Geology and lithology maps were downloaded from the Washington Department of Natural Resources at a 1:100,000 scale and from the USGS (Wilson et al., 2015). These maps were consolidated into six broad categories that represent soil Parent Material (PM) and time since soil inception: Glacial Till and Drift, Glacial Outwash, Igneous, Metamorphic, Sedimentary, and Unconsolidated sediments.
Modeling approach
Linear Mixed Modeling
Two model types were used in the research to model SOC stock and SOC percent: a linear mixed effects model (LMM) and a quantile random forest (RFM). An LMM approach was used to test specific hypotheses about important predictors and examine predictor coefficients. To compare models, both datasets for SOC stock and SOC % were split into training and testing datasets using a 85:15 ratio. The same training and testing datasets were used for all models to compare performance and accuracy. Models were also compared with and without the WIP predictor.
In the LMMs, the sample location was chosen as a random effect and sample depth was specified as a random slope within the sample location. Several models were chosen that represented a priori hypotheses with varying interactions between the predictors as well as eliminating predictors that were not significant down to a null model with no predictors. The final model was chosen using Akaike’s information criterion (AIC) and parsimony then evaluated for violations of homogeneity of variance and linearity. Although some observations deviated slightly from the homoscedasticity assumption, it was deemed that the model assumptions were sufficiently met and therefore used to evaluate drivers and predict SOC stock and SOC %.

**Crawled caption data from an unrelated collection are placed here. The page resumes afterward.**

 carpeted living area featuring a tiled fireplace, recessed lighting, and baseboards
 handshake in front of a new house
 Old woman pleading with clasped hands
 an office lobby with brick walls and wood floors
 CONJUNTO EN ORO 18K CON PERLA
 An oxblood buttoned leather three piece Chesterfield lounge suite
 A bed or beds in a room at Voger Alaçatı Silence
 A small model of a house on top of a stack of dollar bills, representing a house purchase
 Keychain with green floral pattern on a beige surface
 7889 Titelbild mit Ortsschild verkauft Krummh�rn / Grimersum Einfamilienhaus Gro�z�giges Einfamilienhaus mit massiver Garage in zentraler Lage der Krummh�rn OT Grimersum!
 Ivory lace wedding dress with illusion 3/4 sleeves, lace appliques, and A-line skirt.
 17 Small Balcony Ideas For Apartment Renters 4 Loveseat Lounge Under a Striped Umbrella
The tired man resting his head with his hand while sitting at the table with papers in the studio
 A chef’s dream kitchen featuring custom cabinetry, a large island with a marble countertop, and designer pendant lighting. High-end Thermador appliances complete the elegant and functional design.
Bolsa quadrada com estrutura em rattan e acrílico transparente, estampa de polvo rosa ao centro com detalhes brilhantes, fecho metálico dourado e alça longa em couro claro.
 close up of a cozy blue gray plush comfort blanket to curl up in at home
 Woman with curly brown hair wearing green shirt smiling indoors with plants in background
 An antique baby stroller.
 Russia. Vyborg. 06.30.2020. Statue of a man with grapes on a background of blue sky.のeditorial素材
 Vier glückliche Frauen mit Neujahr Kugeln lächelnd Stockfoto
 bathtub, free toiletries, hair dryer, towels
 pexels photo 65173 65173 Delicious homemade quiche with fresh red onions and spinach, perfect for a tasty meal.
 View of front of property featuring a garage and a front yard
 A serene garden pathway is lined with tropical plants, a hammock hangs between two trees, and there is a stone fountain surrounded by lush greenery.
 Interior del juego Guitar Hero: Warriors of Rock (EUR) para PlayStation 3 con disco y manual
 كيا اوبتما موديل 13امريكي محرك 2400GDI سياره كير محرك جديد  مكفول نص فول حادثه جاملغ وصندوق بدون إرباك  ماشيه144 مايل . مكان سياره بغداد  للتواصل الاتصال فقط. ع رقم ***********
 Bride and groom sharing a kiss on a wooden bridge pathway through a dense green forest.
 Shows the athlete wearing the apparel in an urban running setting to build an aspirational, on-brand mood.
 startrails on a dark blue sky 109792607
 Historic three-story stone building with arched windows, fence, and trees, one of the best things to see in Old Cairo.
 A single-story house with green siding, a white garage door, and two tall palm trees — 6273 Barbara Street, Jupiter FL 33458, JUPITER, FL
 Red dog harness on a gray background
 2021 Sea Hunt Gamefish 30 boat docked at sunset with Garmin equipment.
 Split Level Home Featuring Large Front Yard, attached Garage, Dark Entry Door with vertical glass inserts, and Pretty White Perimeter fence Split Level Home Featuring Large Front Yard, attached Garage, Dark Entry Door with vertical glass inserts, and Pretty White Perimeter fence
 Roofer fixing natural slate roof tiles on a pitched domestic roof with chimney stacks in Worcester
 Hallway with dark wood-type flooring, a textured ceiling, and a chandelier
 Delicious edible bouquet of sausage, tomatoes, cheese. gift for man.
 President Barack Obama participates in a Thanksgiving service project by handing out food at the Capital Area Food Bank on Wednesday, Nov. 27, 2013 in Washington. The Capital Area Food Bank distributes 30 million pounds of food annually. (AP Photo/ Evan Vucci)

All data used to build models of SOC stock and SOC % were centered and scaled if they were continuous predictors. Correlated variables were removed if they had an r >0.6. However, at this scale MAP and PET:MAP are highly correlated, so separate models were used to assess the strength between the two predictors in our mixed model selection. The initial model selection process using maximum likelihood showed that models using PET:MAP, instead of MAP, were better fits to the data according to AIC.
For SOC stock, LMM selection using AIC comparisons removed models containing interactions among fixed effects, resulting in SOC stock modeled as a function of PET:MAP, WIP, Canopy Height (CHM), Heat Load Index (HLI), Parent Material (PM), and Depth as fixed effects. After this LMM was found, the dredge function from the MuMIn R package was used to further identify if incorporated interactions outperformed the current LMM structure determined from earlier (Barton, 2023). The final LMM was chosen with the lowest AIC and/or fewest parameters for parsimony.
The final model was evaluated on the test dataset by measuring the R2 and root mean square error (RMSE). Predictor variable importance was estimated using the 95% confidence intervals on the scaled coefficient estimates with important predictors having a confidence interval that did not include 0.
SOC stock data and model residuals were also examined for spatial autocorrelation by examining semivariograms and the spatial autocorrelation within each study watershed. The expectation was for there to be minimal autocorrelation.
Random Forest Modeling - SOC stock prediction and uncertainty
The Quantile Random Forest (RFM) was used to accommodate for potential non-linear relationships as well as incorporate a more flexible approach to predictor selection. The mlr3 package in R was used to implement the RFM from the ranger package (Lang et al., 2019; Wright and Ziegler, 2017). The num.trees, mtry, and max.depth parameters were tuned using repeated 10-fold cross validation on the training dataset. Predictor variable importance was determined using SHAP (SHapley Additive exPlanations) values using a 200-observation subset of the training dataset as the rows to be explained and the full training dataset as the background (Lundberg and Lee, 2017). Interactions between predictors were investigated using the interpretable machine learning iml package and the Interaction function (Molnar et al., 2018).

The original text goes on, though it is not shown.